======== Exercise inputs ========
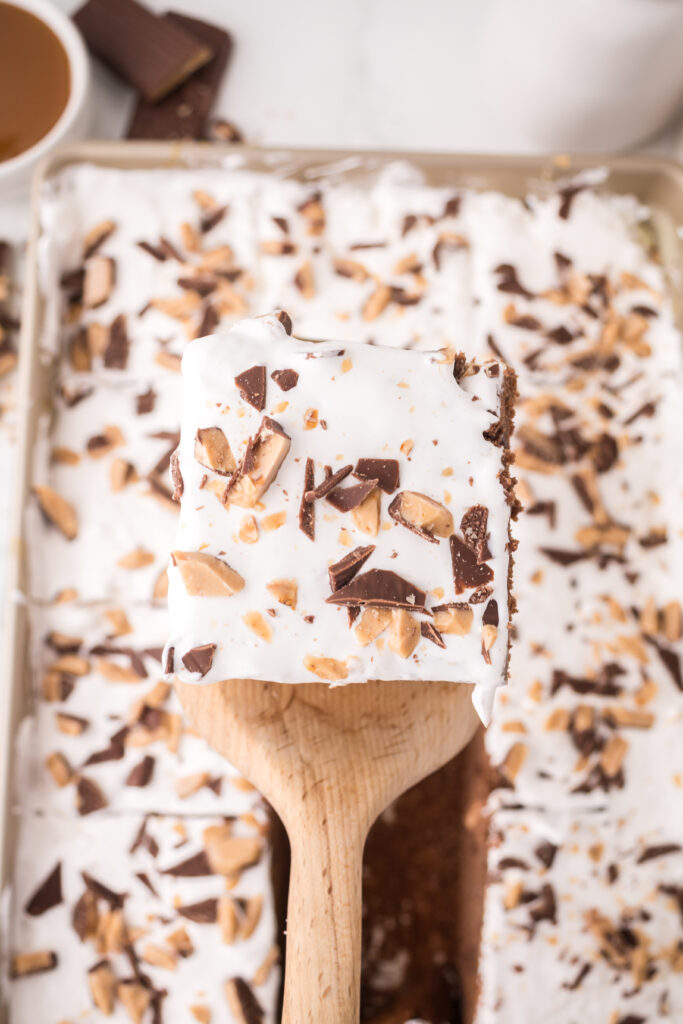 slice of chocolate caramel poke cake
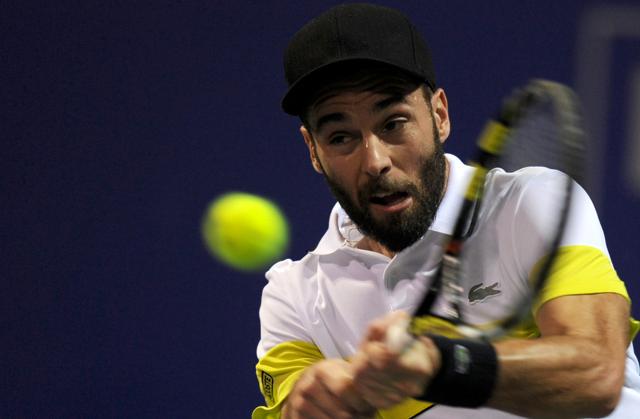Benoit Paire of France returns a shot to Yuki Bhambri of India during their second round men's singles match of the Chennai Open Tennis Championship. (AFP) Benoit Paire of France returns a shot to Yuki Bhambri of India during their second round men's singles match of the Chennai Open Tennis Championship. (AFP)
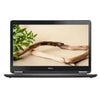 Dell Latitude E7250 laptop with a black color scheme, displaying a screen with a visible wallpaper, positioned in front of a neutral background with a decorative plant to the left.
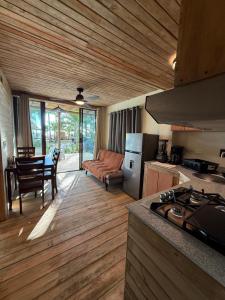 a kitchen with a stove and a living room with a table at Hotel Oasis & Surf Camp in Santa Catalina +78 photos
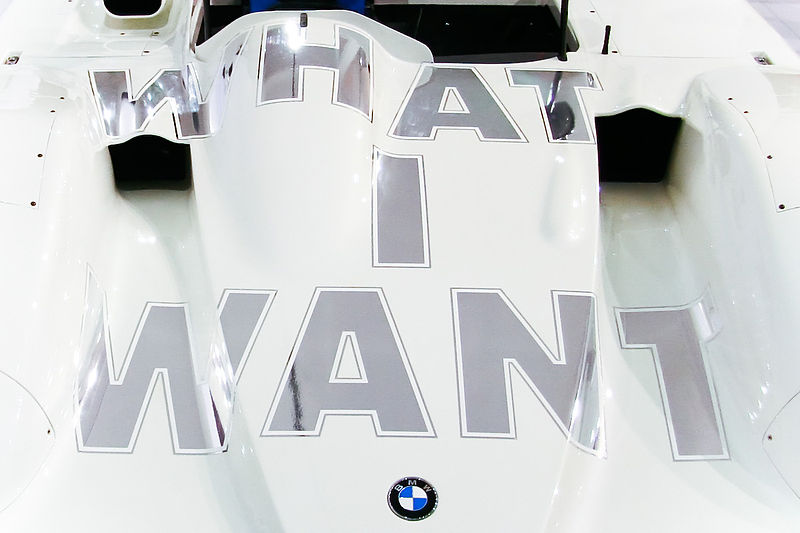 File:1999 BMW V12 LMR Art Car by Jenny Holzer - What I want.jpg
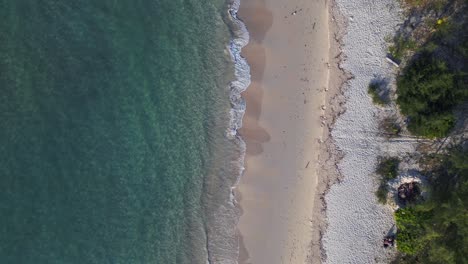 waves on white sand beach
========
▶ What is required: Please repeat every line from the listing above exactly as it appears. Drop the pictures.

▶ Answer to this task:
 slice of chocolate caramel poke cake
Benoit Paire of France returns a shot to Yuki Bhambri of India during their second round men's singles match of the Chennai Open Tennis Championship. (AFP) Benoit Paire of France returns a shot to Yuki Bhambri of India during their second round men's singles match of the Chennai Open Tennis Championship. (AFP)
 Dell Latitude E7250 laptop with a black color scheme, displaying a screen with a visible wallpaper, positioned in front of a neutral background with a decorative plant to the left.
 a kitchen with a stove and a living room with a table at Hotel Oasis & Surf Camp in Santa Catalina +78 photos
 File:1999 BMW V12 LMR Art Car by Jenny Holzer - What I want.jpg
 waves on white sand beach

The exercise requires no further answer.